Subscription-based services are changing the game for ecommerce, media, and streaming industries. LettsGroup is paving the way, adopting subscription services for an array of its own ventures.
The evolution of technology has affected human behaviour and shifted business operations and competition accordingly.
Subscription models have seen consistent growth and pickup by businesses as large as Unilever and Walmart as well as many startups and small businesses.
Over the last decade, the subscription ecommerce market has experienced meteoric growth. According to Forbes, there’s been 890% expansion since 2014. Currently, there are 18.5 million subscription box shoppers in the U.S. and 35% of these active shoppers subscribe to three or more services, with a median number of subscriptions per active subscriber being two.
According to Hitwise, the average demographic of this consumer is a younger millennial with a college degree that lives in a college town with an income above $100,000 (£75,000). They are also often an Amazon shopper, a regular reader of online news and more likely to buy online than in-store.
There are three broad types of ecommerce subscriptions:
Replenishment subscriptions (32% of subscriptions) - which allow consumers to automate the purchase of commodity items, such as razors or diapers.
Curation subscriptions (55% of subscriptions) - that attempt to surprise and delight by providing new items or highly personalised experiences in categories such as apparel, beauty, and food.
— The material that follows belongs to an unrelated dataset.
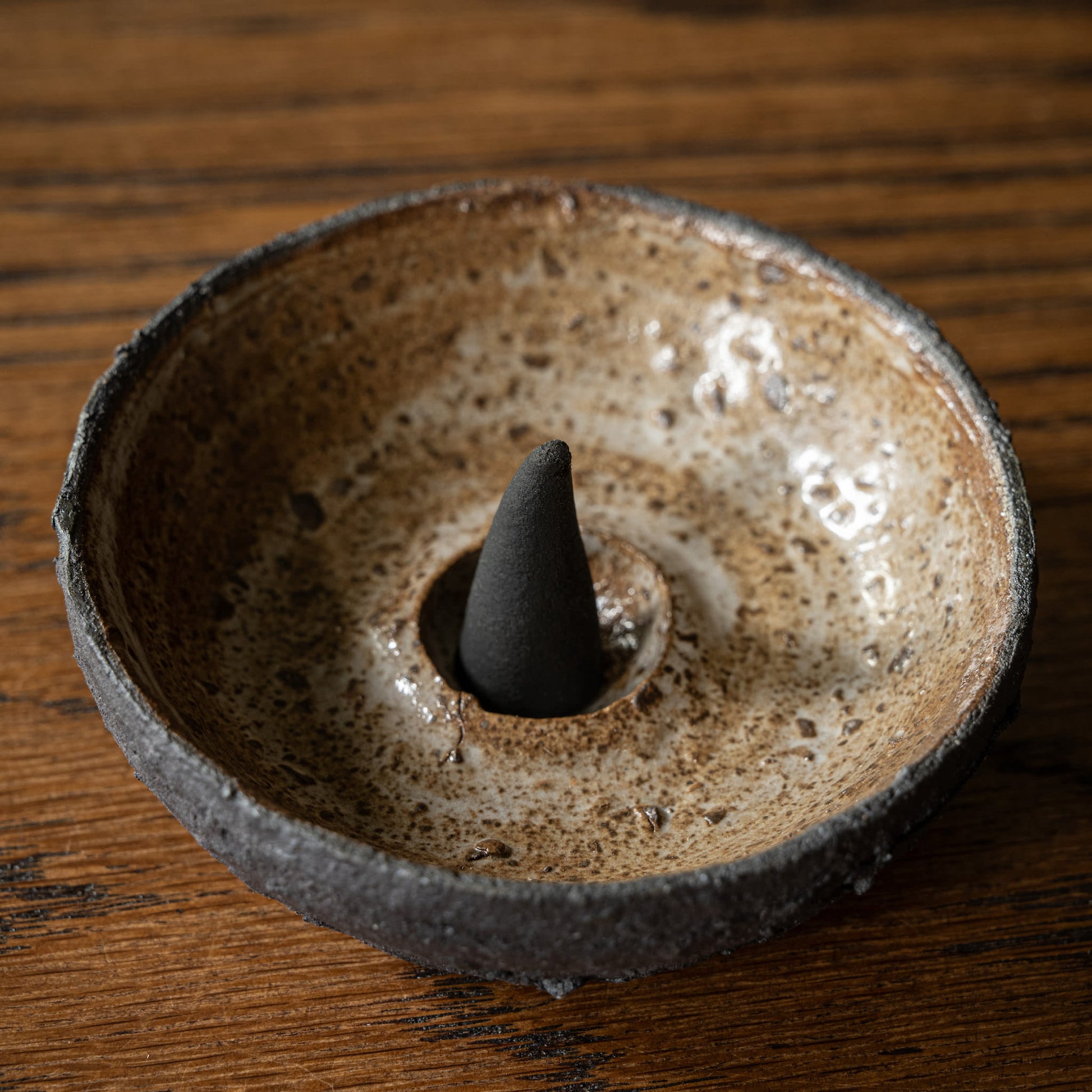 Ceramic incense cone bowl with APFR charcoal incense cone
Access subscriptions (13% of subscriptions) - pay a monthly fee to obtain lower prices or members-only perks, primarily in the apparel and food categories.
The future looks bright for the recurring revenue leaders.
More relevantly, subscription-based media is a major game-changer. With news media diving head-first into the digital world, ad revenues and circulation have been in decline, and an endless series of cost cutting and transformation plans has led to the industry stabilising around paid subscriptions. LettsGroup’s own The Letts Journal has been at the forefront of subscription-based systems, solely reliant on digital circulation with paywalled systems for revenue as an ad-free service. And, based on demographics alone, the internet paywall is becoming a key part of the future of profitable digital content circulation.
While newspaper staff numbers keep falling and print circulation declines, digital media is growing. Based on publicly traded companies, in 2020, ad revenue for digital newspapers stood at 39%. Digital newspapers share of ad revenue has been steadily climbing, as in 2011 it had accounted for just 17% of ad dollars. The trends are similar across the western world. Digital, subscription-based media is here to stay.
The increasingly dominant subscription economy will get tested as we have headed into its first major economic downturn. The effects could be hard to predict, but while the upward trajectory is bound to continue, the likelihood is that short term pressures will dampen new sign ups. Ultimately the sector will probably consolidate around 2-3 leading players in each category. While this could be bad for consumers and content producers, there is an emerging category that could point to the future.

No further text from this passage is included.